• **Work instruction**
Would you write out the entries below word for word, omitting the pictures?

• **Records for the exercise**
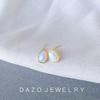 14K Gold-Plated Sterling Silver Opal Stud Earrings - Elegant & Versatile Design for Women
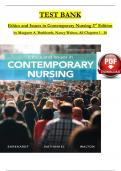 TEST BANK for Ethics and Issues in Contemporary Nursing 3rd Edition by Burkhardt & Walton; ISBN: 9780176696573, All 20 Chapters Covered, Verified Latest Edition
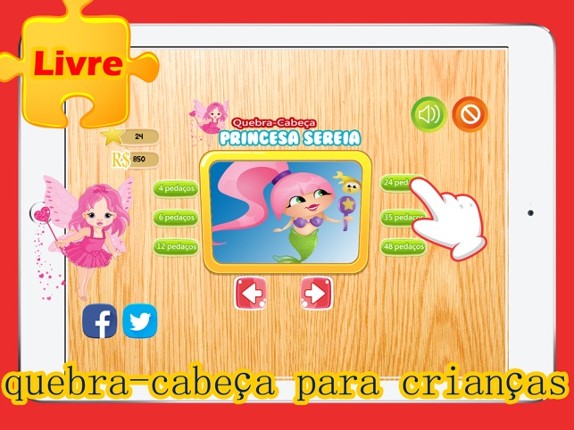 Quebra-Cabeça da Princesa Sereia no Jogos Educativos Grátis para Crianças e Jardim de Infância Image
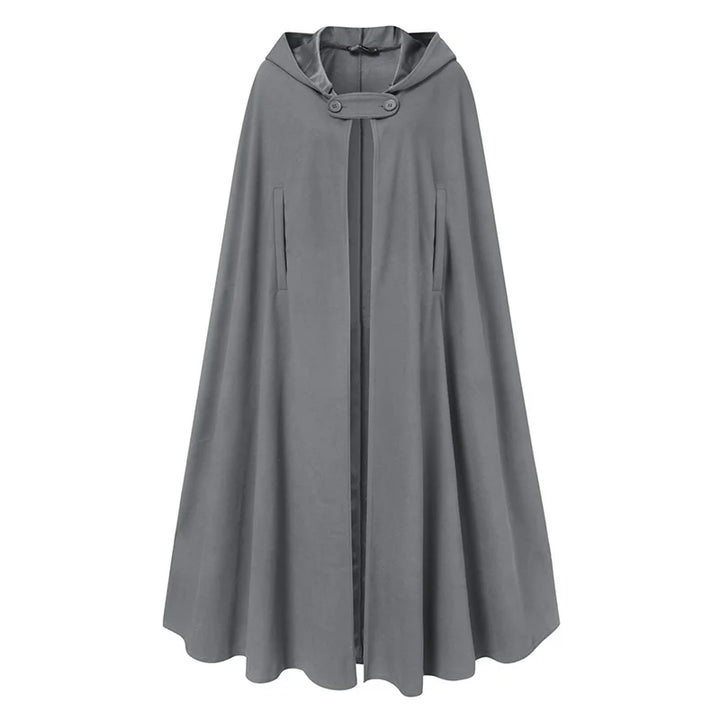 Poncho Hooded Front Cloak Loose Solid Long Coat Hoodies - Divawearfashion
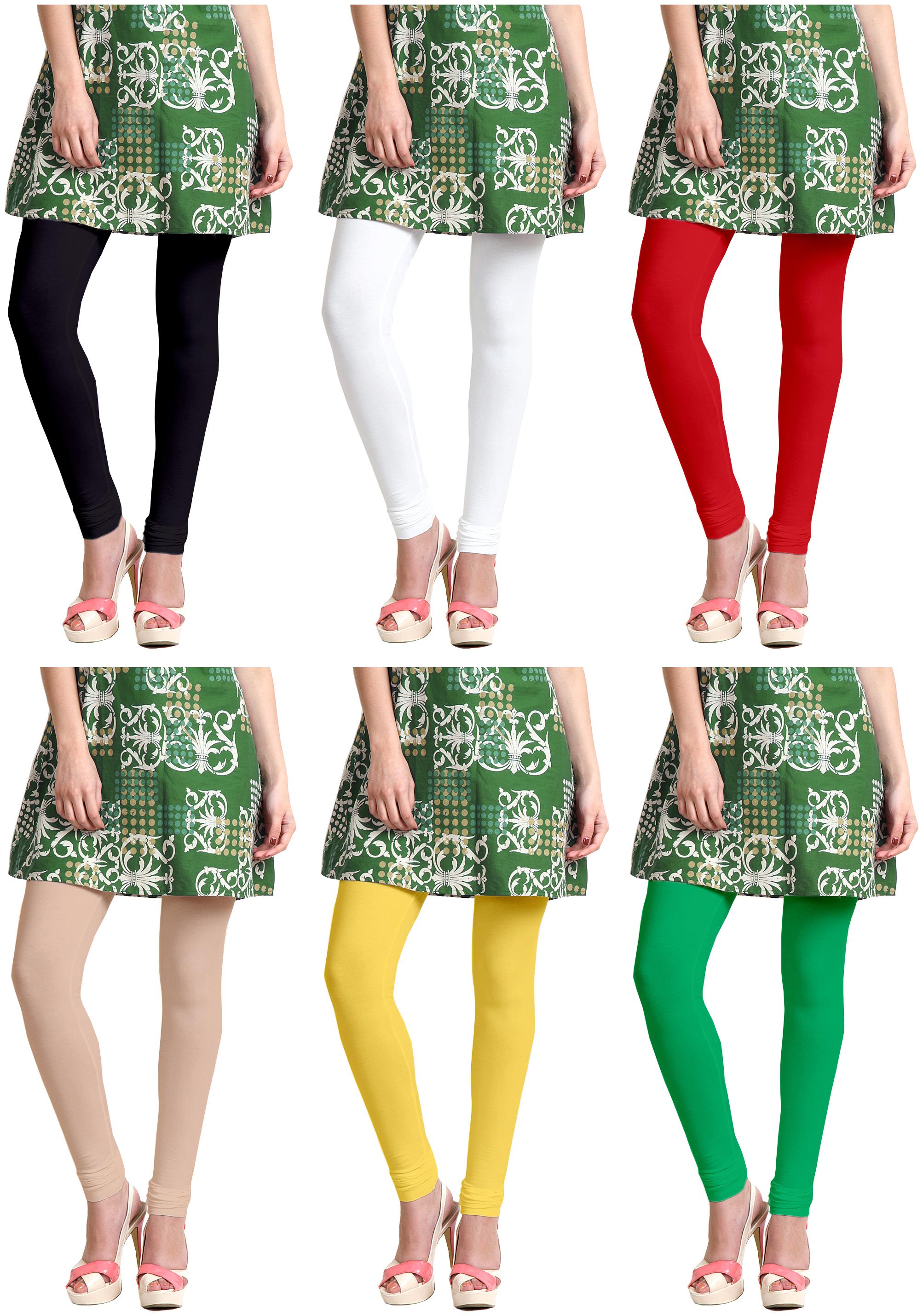

Sri Belha Fashions Women Cotton Plain Long Length Legging - Multi
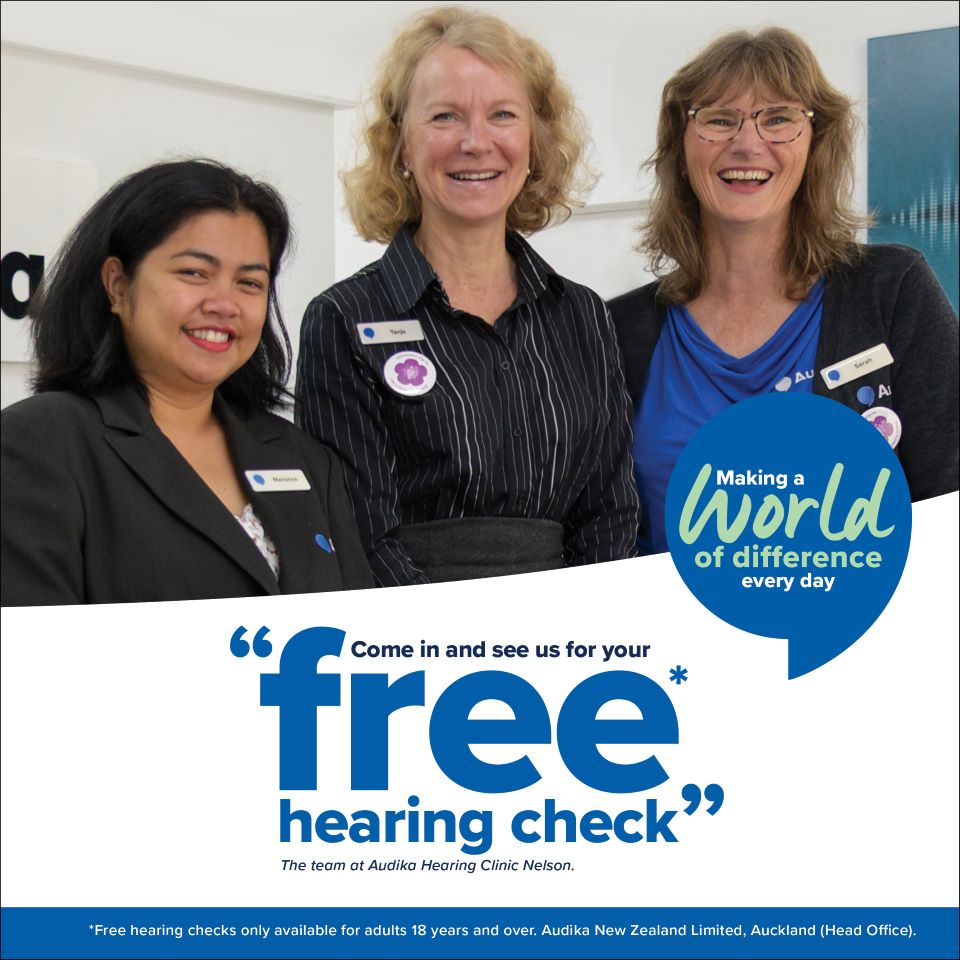 Nelson hearing clinic team offering free hearing check services.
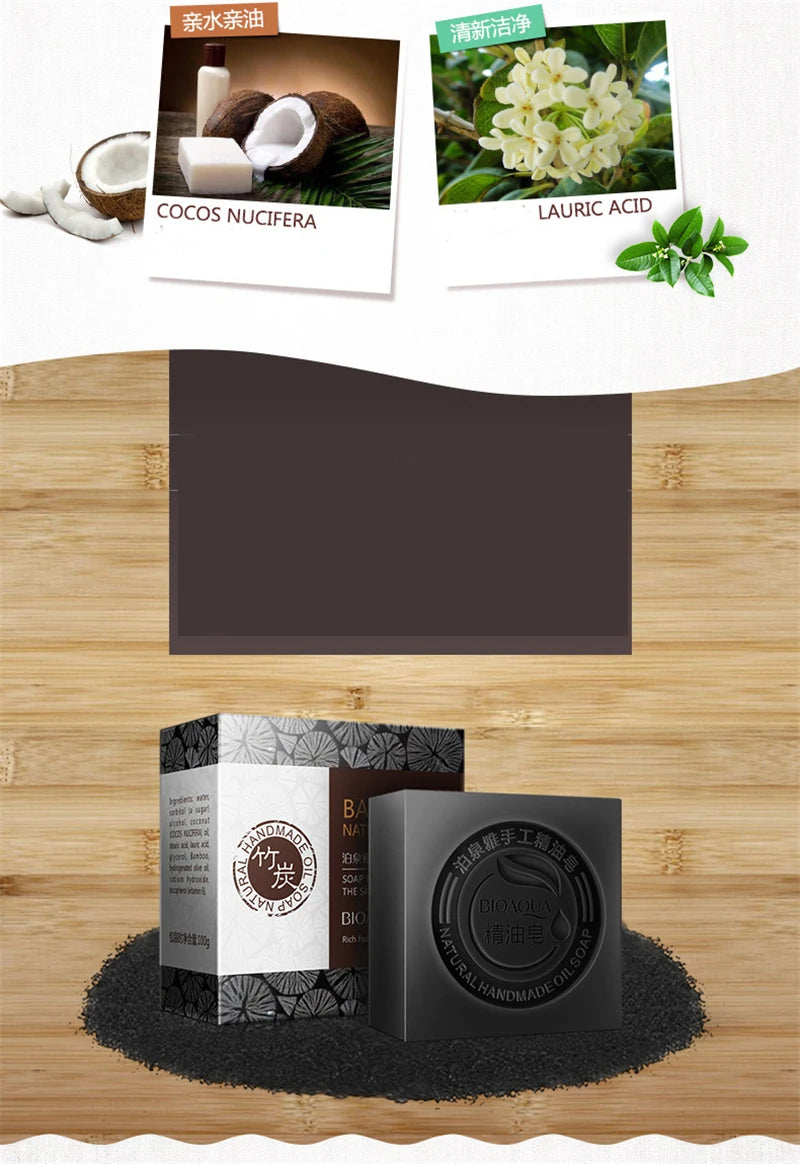 Savons aux huiles essentielles Bioaqua au miel, rose, jasmin, aloé, matcha, myrtille, lavande, charbon de bambou, savons en bambou noir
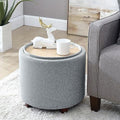 Round Velvet Ottoman with Lift Off Lid and Tray Lid R32583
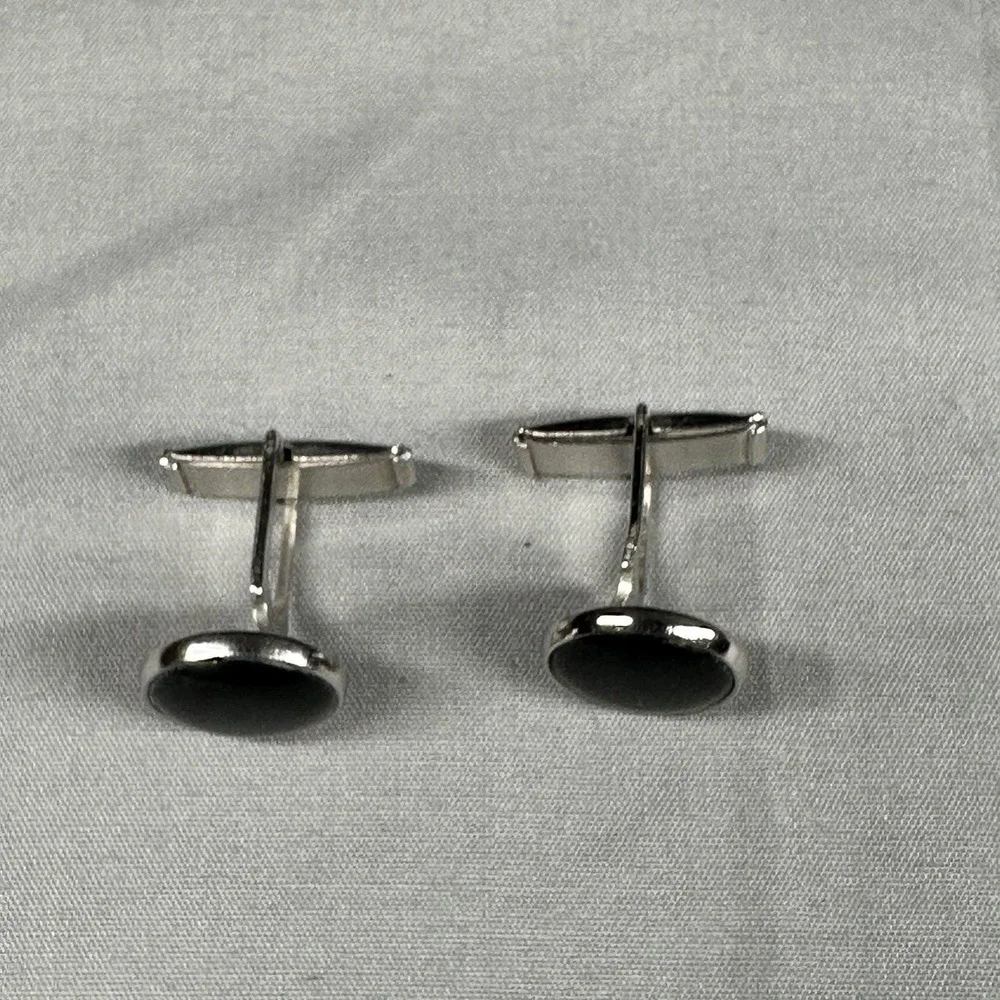 Vintage‎ Black Dome Cufflinks Retro Faux Onyx Style Men's Accessories Minimalist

• **Task response**
 14K Gold-Plated Sterling Silver Opal Stud Earrings - Elegant & Versatile Design for Women
 TEST BANK for Ethics and Issues in Contemporary Nursing 3rd Edition by Burkhardt & Walton; ISBN: 9780176696573, All 20 Chapters Covered, Verified Latest Edition
 Quebra-Cabeça da Princesa Sereia no Jogos Educativos Grátis para Crianças e Jardim de Infância Image
 Poncho Hooded Front Cloak Loose Solid Long Coat Hoodies - Divawearfashion

Sri Belha Fashions Women Cotton Plain Long Length Legging - Multi
 Nelson hearing clinic team offering free hearing check services.
 Savons aux huiles essentielles Bioaqua au miel, rose, jasmin, aloé, matcha, myrtille, lavande, charbon de bambou, savons en bambou noir
 Round Velvet Ottoman with Lift Off Lid and Tray Lid R32583
 Vintage‎ Black Dome Cufflinks Retro Faux Onyx Style Men's Accessories Minimalist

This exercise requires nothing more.